Tuesday, February 20, 2007

The joy of Clifford Brown

Clifford Brown is, for my money, the warmest, most emotional, most expressive, most.. FUN trumpet player... EVER!
His playing is so right on- it let's you know why, for the time, he was the man.
There is a rare out of print record he made with Gigi Gryce and His Big Band, Jazztime Paris featuring Clifford Brown, 1954 on Blue Note (it's a 10")... and it is marvelous.
If you can find it online... and you CAN (if you look... or email me)... it is amazing and worth the trouble.
There are a bunch of records available on ITunes or wherever... find something with Max Roach as a starter.
You won't be sorry and you will feel the joy that was Clifford.
Oh, and check out the video above- it is very rare footage of Clifford on the Soupy Sales show.
Here's a bit more- I went to Wikipedia to get a description for those that might know...
Neil Tesser wrote of him:
"Clifford Brown could play with a speed and precision that challenged, and at time eclipsed even the virtuosity of his own idols ... But even more than that, Clifford became known for a brain-boggling capacity to improvise long, complex and stunningly well-constructed solos."
Despite an abbreviated recording career of only 4 years duration (due to his early death), he had a considerable influence on later jazz trumpet players, including Donald Byrd, Lee Morgan, Booker Little, Freddie Hubbard, Wynton Marsalis, Nicholas Payton, Arturo Sandoval.

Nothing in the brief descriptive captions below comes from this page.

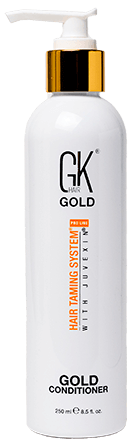 Global Keratin Золотой кондиционер Golden conditioner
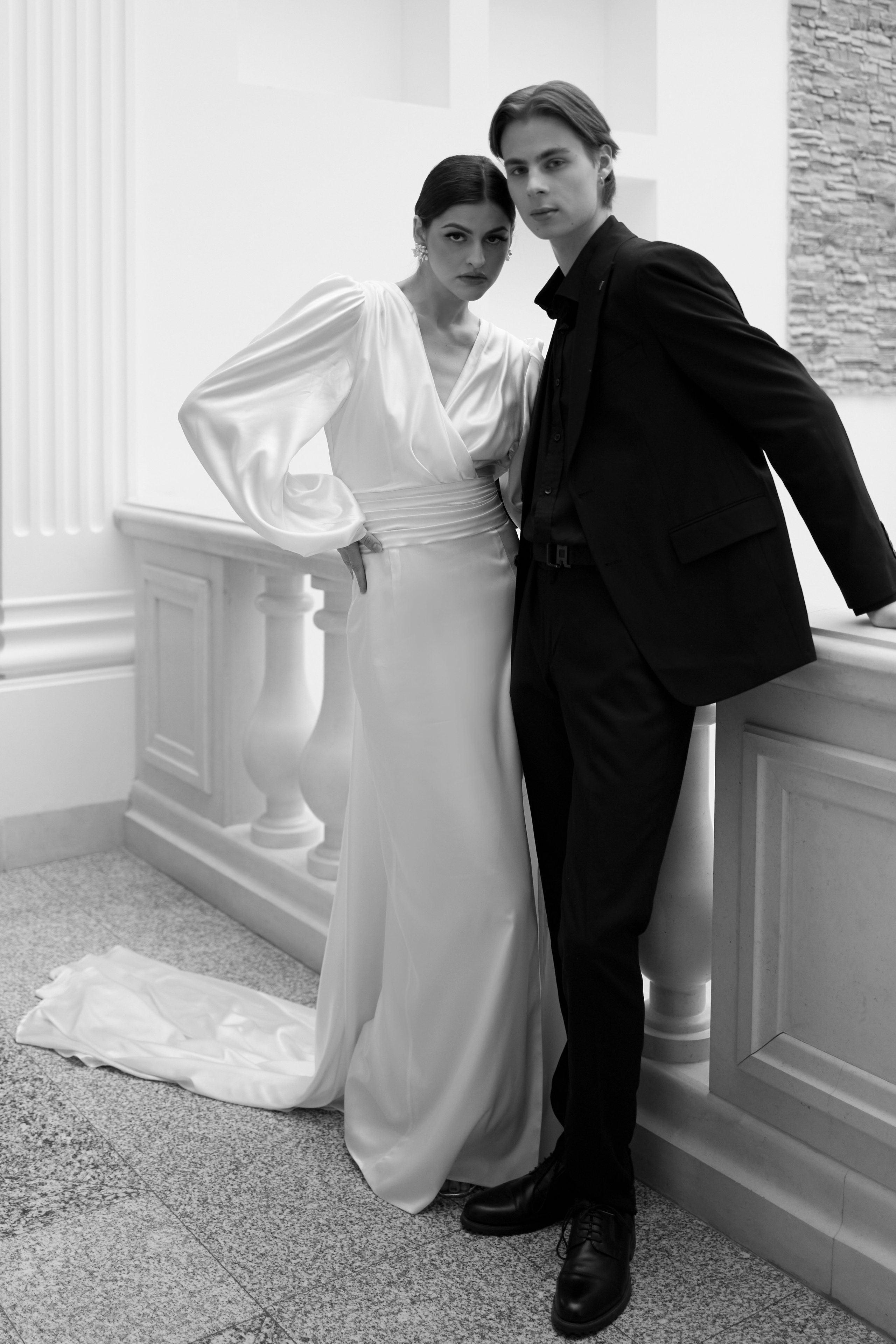 SACHA I KRISTINA. Свадебный и портретный фотограф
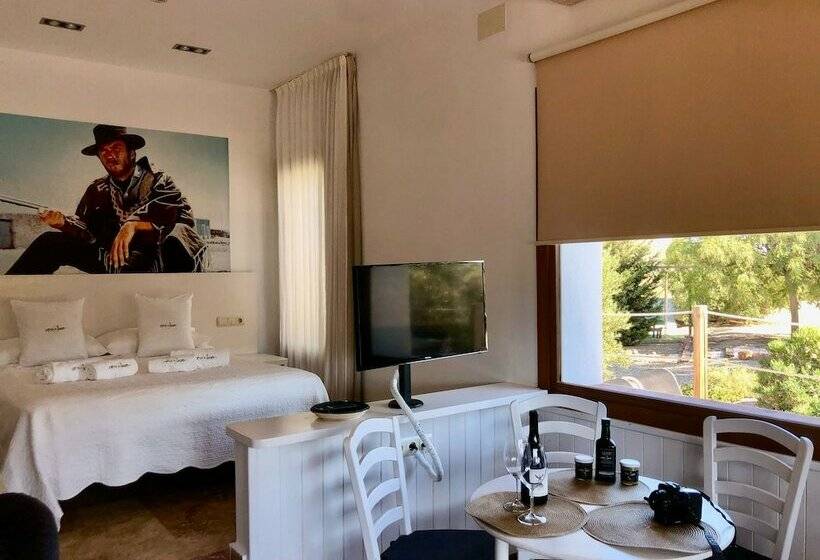 수피리어 스위트, Oro Y Luz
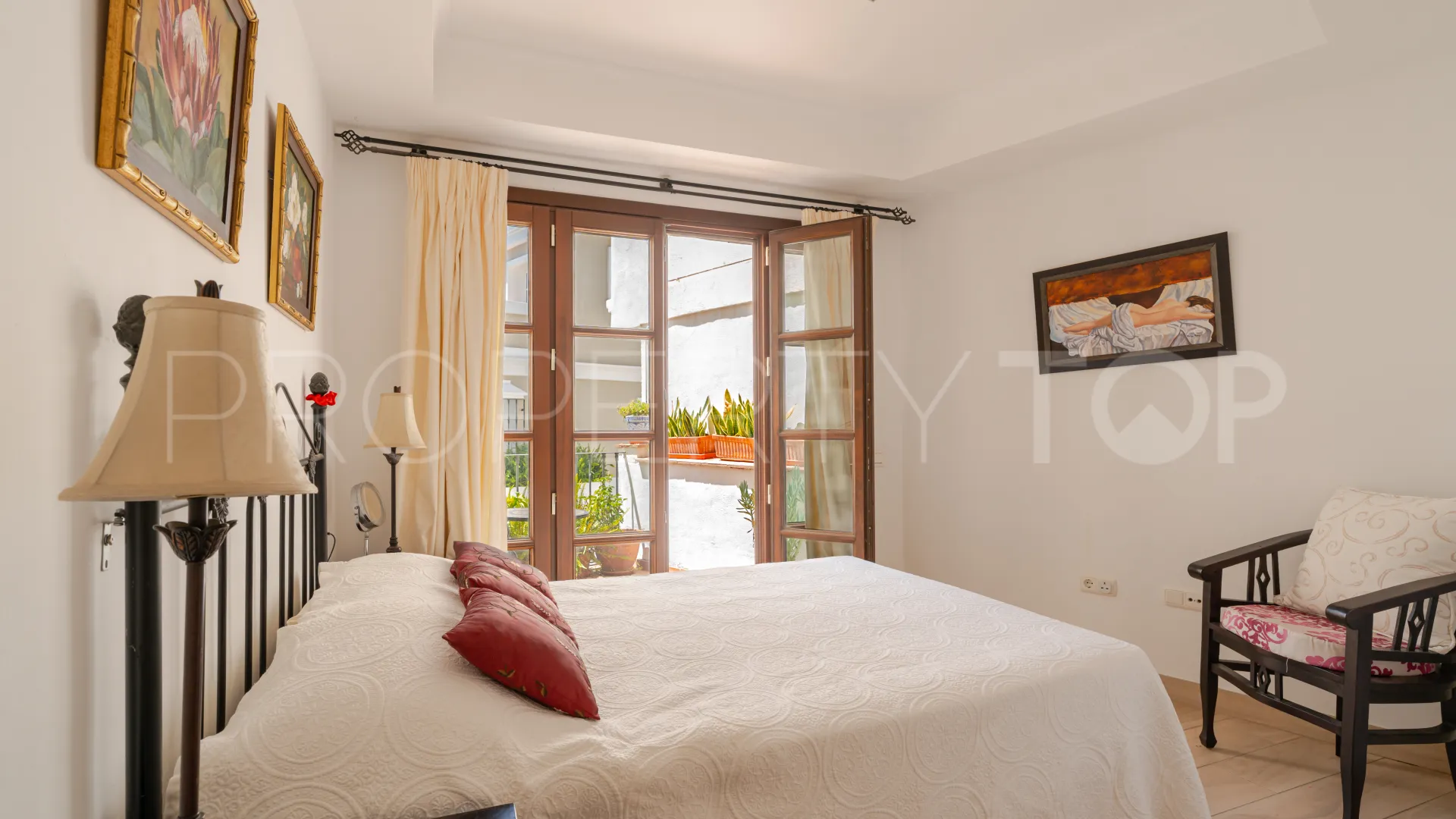 For sale La Heredia 3 bedrooms town house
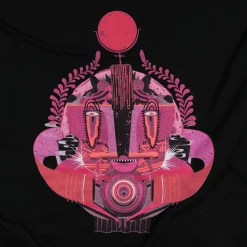 TAUK New Merch Chaos Companion Zip Hoodie 11 TAUK New Merch Chaos Companion Zip Hoodie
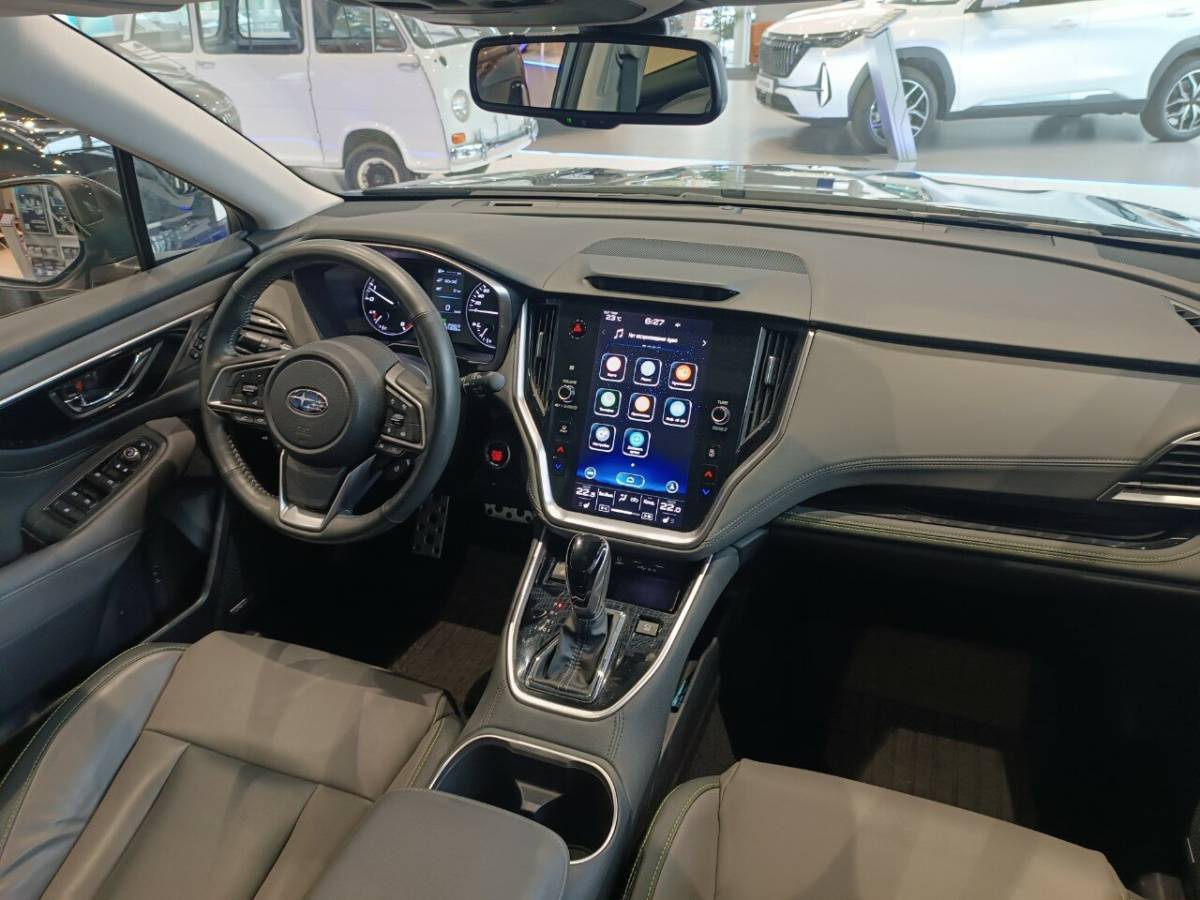OMODA S5 1.5T CVT Ultra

His style was influenced by Fats Navarro, sharing Navarro's virtuosic technique and brilliance of invention. His sound was warm and round, and notably consistent across the full range of the instrument. He could articulate every note, even at the high tempos which seemed to present no difficulty to him; this served to enhance the impression of his speed of execution. His sense of harmony was highly developed, enabling him to deliver bold statements through complex harmonic progressions (chord changes), and embodying the linear, "algebraic" terms of bebop harmony. As well as his up-tempo prowess, he could express himself deeply in a ballad performance. It is said that he played each set as though it would be his last.
The Clifford Brown & Max Roach Quintet was a high water mark of the hard bop style. The group's pianist, Richie Powell (younger brother of Bud), contributed original compositions, as did Brown himself. The partnership of Brown's trumpet with Harold Land's tenor saxophone made for a very strong front line. Teddy Edwards briefly replaced Land before Sonny Rollins took over for the remainder of the group's existence. In their hands the bebop vernacular reached a peak of inventiveness.
The clean-living Brown has been cited as perhaps breaking the influence of heroin on the jazz world, a model established by Charlie Parker. Clifford stayed away from drugs and was not fond of alcohol; his only vice was chess. Rollins said of him: "Clifford was a profound influence on my personal life. He showed me that it was possible to live a good, clean life and still be a good jazz musician." Roach described him as "one of the rare complete individuals ever born ... a sweet, beautiful [person]".